Cervical Cancer Prevention

Annual Exams Matters

A gynecologic colleague told about an 80-year-old patient who stopped coming for her annual exam because she was told she did not need a pap smear. At her last annual exam 5 years ago, she had been prescribed a topical steroid for a chronic skin disorder that causes itching on the outside the vagina. She was seen by a urologist who recommended that she start using a low dose vaginal tablet for better bladder control. While her bladder got better, her vaginal itching persisted so she started using a topical estrogen cream that she had in her medicine cabinet, thinking the irritation was due to menopause. After several years of using daily low dose estrogen, she had a week of unexpected vaginal bleeding. Low dose estrogen can be placed in or around the vagina without any risk so long as the medicine is used only two times a week. She accidentally used too much low dose estrogen which led to uterine cancer. Surgery will cure her of this cancer, but this could have been avoided if she had been seen for her “annual” exam and a yearly review of her medications. I share this patient story to remind you about the importance of having your “annual” exam though they don’t always include a pap smear. This cancer diagnosis could have been prevented which is why I will review updated guidelines for gynecologic cancer prevention in the next few columns.

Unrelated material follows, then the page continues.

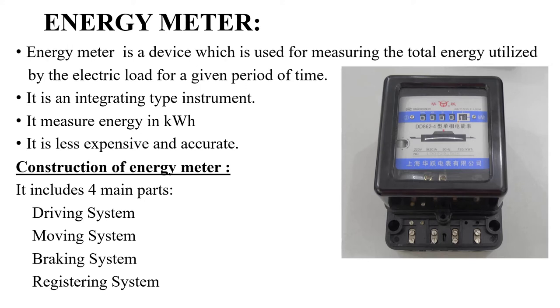That means it is a type of integrating instrument. An integrating type instrument integrates or adds the energy consumption of the load for a given period of time. It updates the energy consumption during each interval of time, and finally we can see that it integrates the overall energy consumption for a given period of time. The function of the energy meter is to measure the total energy consumption for a given period of time, and it measures energy in kilowatt-hour.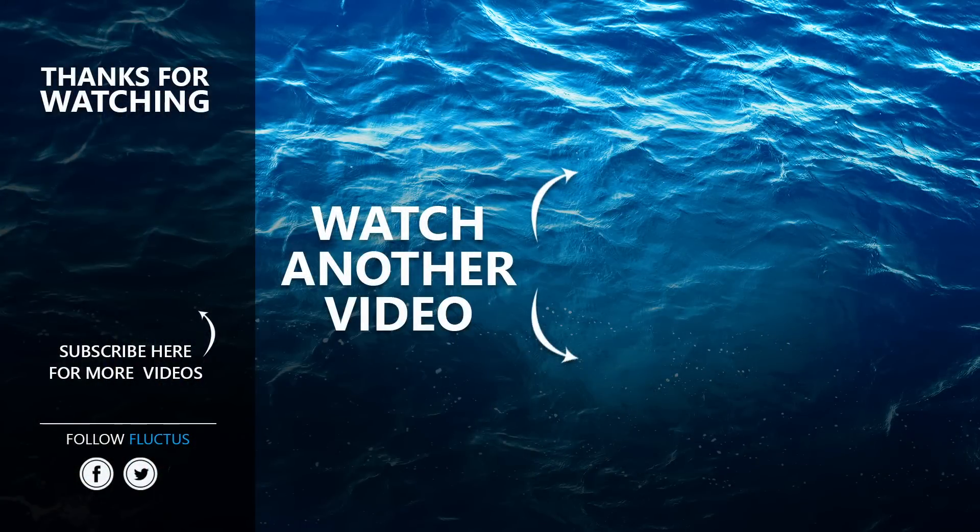That's the end of this video. I hope you enjoyed it. Make sure to subscribe to this channel so you don't miss any of our new content. See you next time. Thank you.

CERVICAL CANCER PREVENTION: Pap smears are a screen for precancerous changes in the cervix due to Human Papilloma Virus (HPV) infections that are acquired through sexual intimacy. Cervical cancer is a sexually acquired illness. The incidence of cervical cancer has decreased by 50% in the last 40 years due to pap smear screening. The role of HPV as the viral etiology for cervical cancer has evolved in the last 20 years. Most HPV infections are transient and poses little risk for progression. When HPV persists, a woman is at risk for cervical cancer. Most cases of cervical cancer (~60%) are in women who have never had a pap or not one in the last 5 years. Most young women under 21 years old, have an effective immune response that clears the majority of HPV infections in an average of 8 months or decreases the viral load to undetectable levels in 90% of women within 2 years. Risk factors for persistent HPV infection and therefore cervical cancer include infection with high risk virus i.e. HPV 16 or 18, tobacco use, multiple intimate partners. Pap smear specimens that are sent in a liquid medium have the advantage of allowing a single specimen to be used for the pap smear interpretation as well as testing for HPV and other infections like gonorrhea.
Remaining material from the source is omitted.